#### Prompt
The result should be the line with "this 1344×896 image." followed by every remaining line of the entries, each reproduced exactly, with nothing else.

#### Data provided

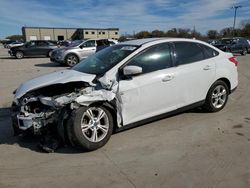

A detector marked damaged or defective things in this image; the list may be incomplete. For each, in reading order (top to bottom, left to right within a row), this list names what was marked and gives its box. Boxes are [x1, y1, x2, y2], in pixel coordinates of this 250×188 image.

crumpled hood [14, 69, 95, 99]
damaged white car [12, 38, 238, 151]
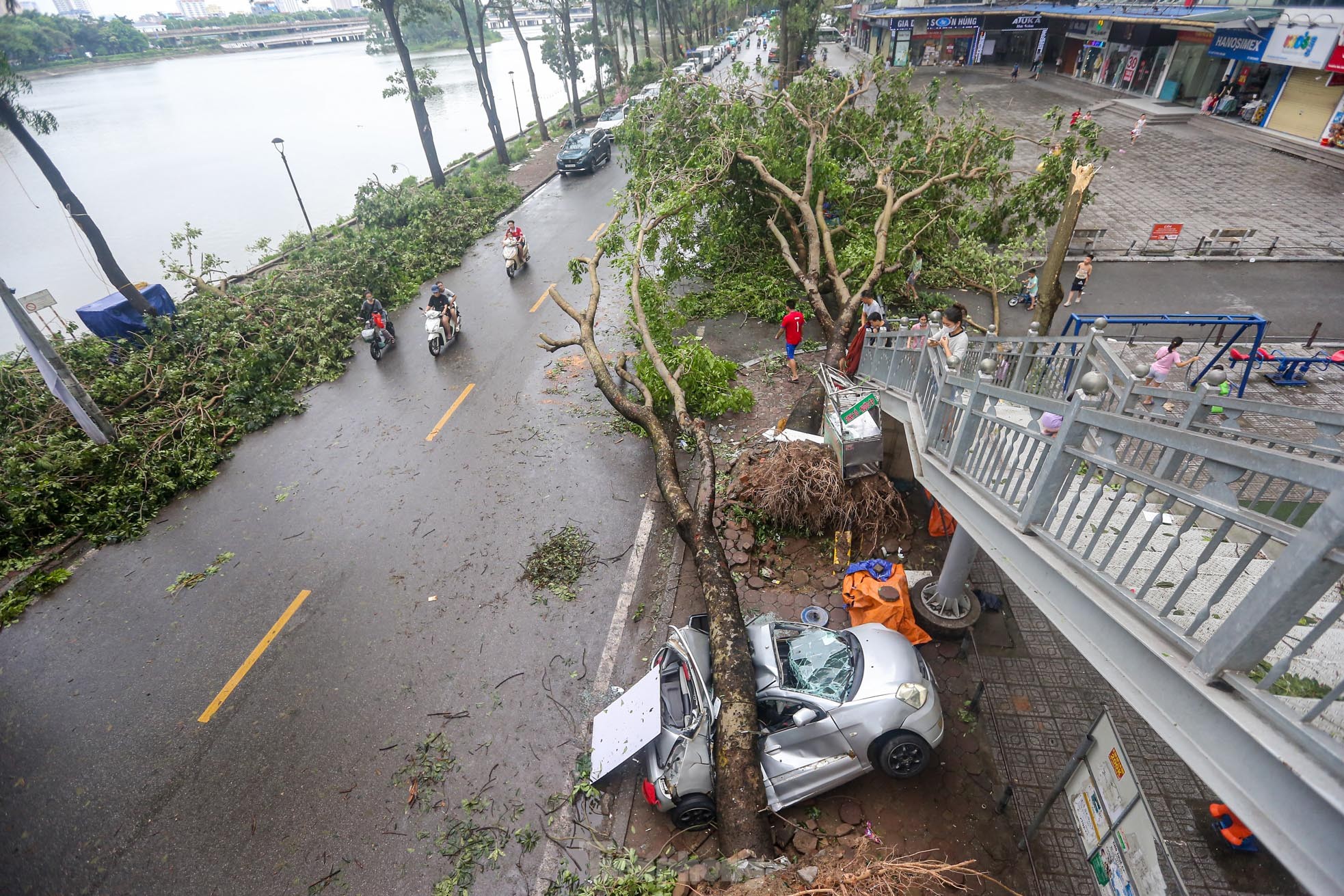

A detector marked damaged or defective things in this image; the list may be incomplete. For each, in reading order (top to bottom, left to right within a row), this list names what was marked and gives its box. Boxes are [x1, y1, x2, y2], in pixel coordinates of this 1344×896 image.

crushed silver car [634, 612, 946, 831]
broken windshield [771, 623, 859, 700]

#### Answer box
A detector marked damaged or defective things in this image; the list may be incomplete. For each, in reading order (top to bottom, left to right within a row), this list names what was marked and gives its box. Boxes are [x1, y1, x2, y2], in pixel coordinates of this 1344×896 image.

crushed silver car [634, 612, 946, 831]
broken windshield [771, 623, 859, 700]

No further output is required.